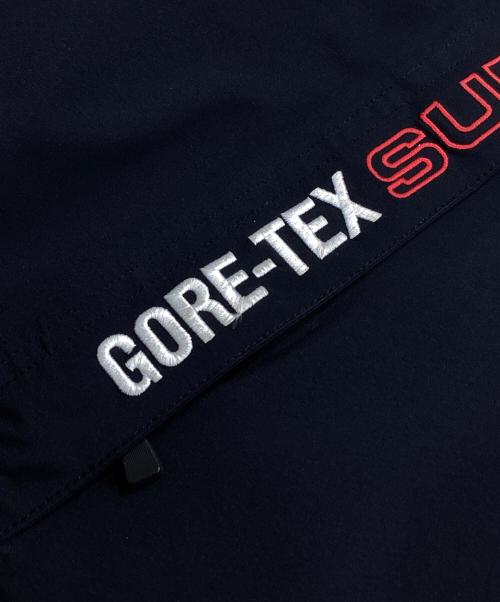 SUPREME（シュプリーム）SUPREME (シュプリーム) GORE-TEX Taped Seam Jacket ネイビー サイズ:Lの古着・服飾アイテム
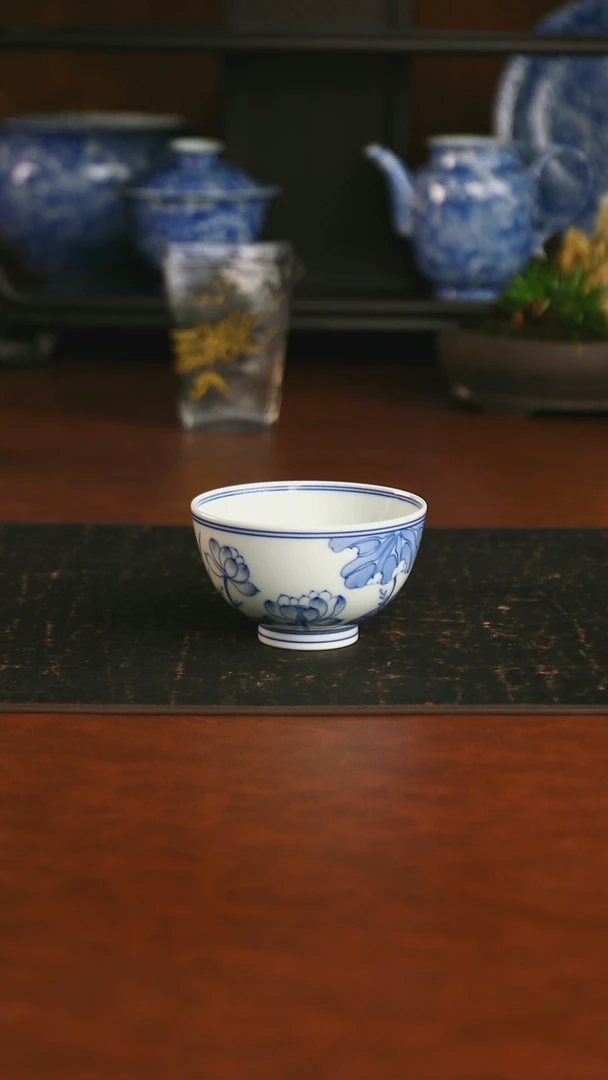 景德镇手工手绘的29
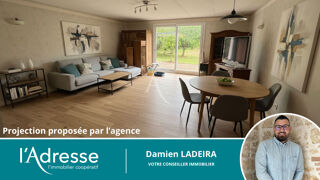  Maison à vendre 5 pièces 121 m²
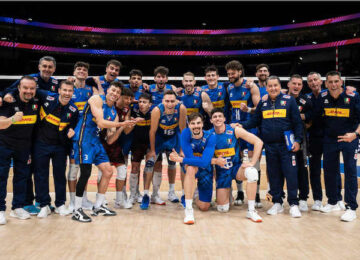 italia germania volley 12 giugno 2025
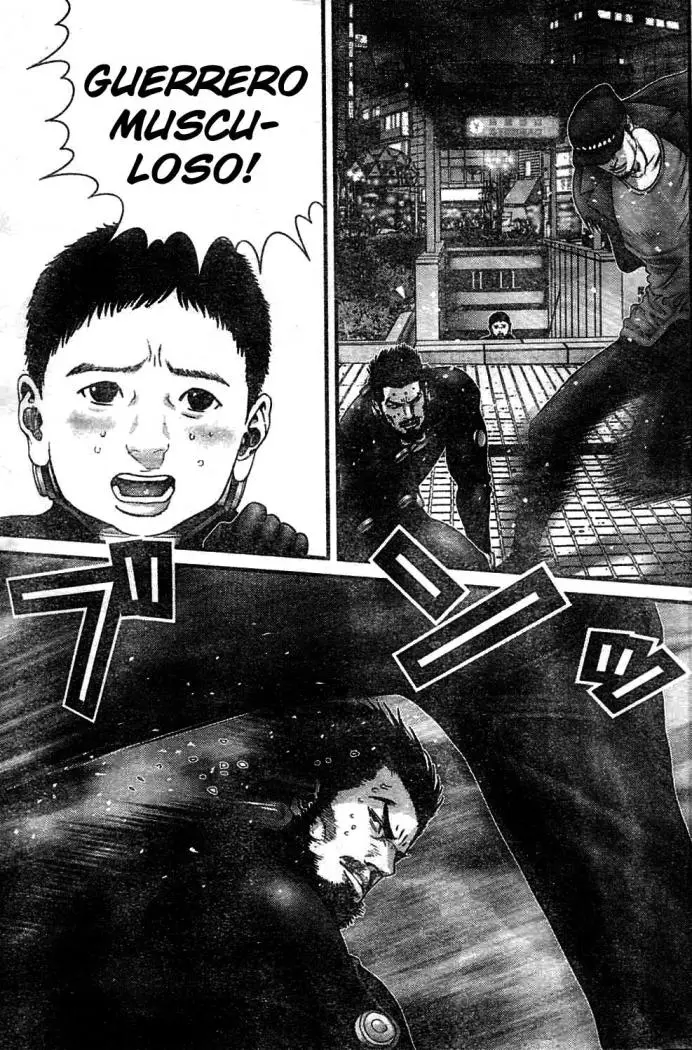 Gantz (2000) - Capítulo 203 - Página 7 - LectorTMOo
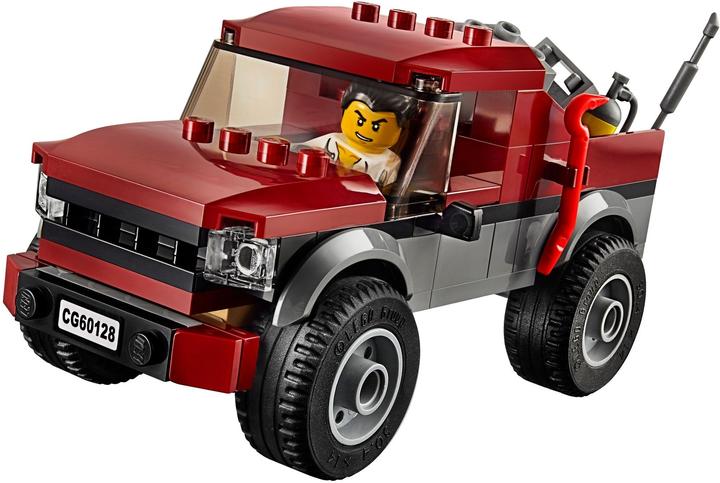 Actual product image LEGO Police Pursuit (60128, LEGO City)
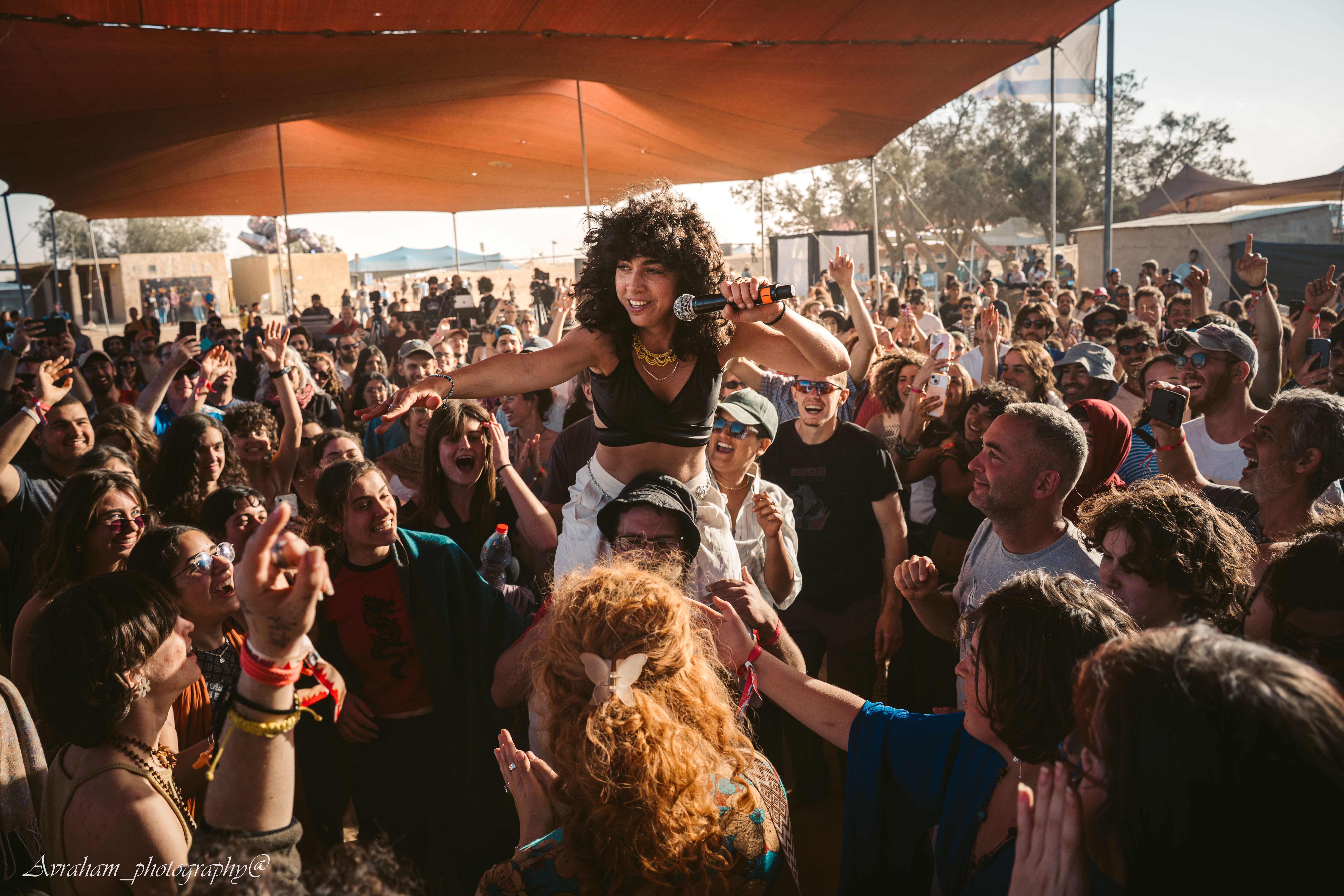 Hazeavot Performance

______________________________

--- Activity ---
Give back the listing exactly, with the pictures removed.

--- Solution for this problem ---
 SUPREME（シュプリーム）SUPREME (シュプリーム) GORE-TEX Taped Seam Jacket ネイビー サイズ:Lの古着・服飾アイテム
 景德镇手工手绘的29
  Maison à vendre 5 pièces 121 m²
 italia germania volley 12 giugno 2025
 Gantz (2000) - Capítulo 203 - Página 7 - LectorTMOo
 Actual product image LEGO Police Pursuit (60128, LEGO City)
 Hazeavot Performance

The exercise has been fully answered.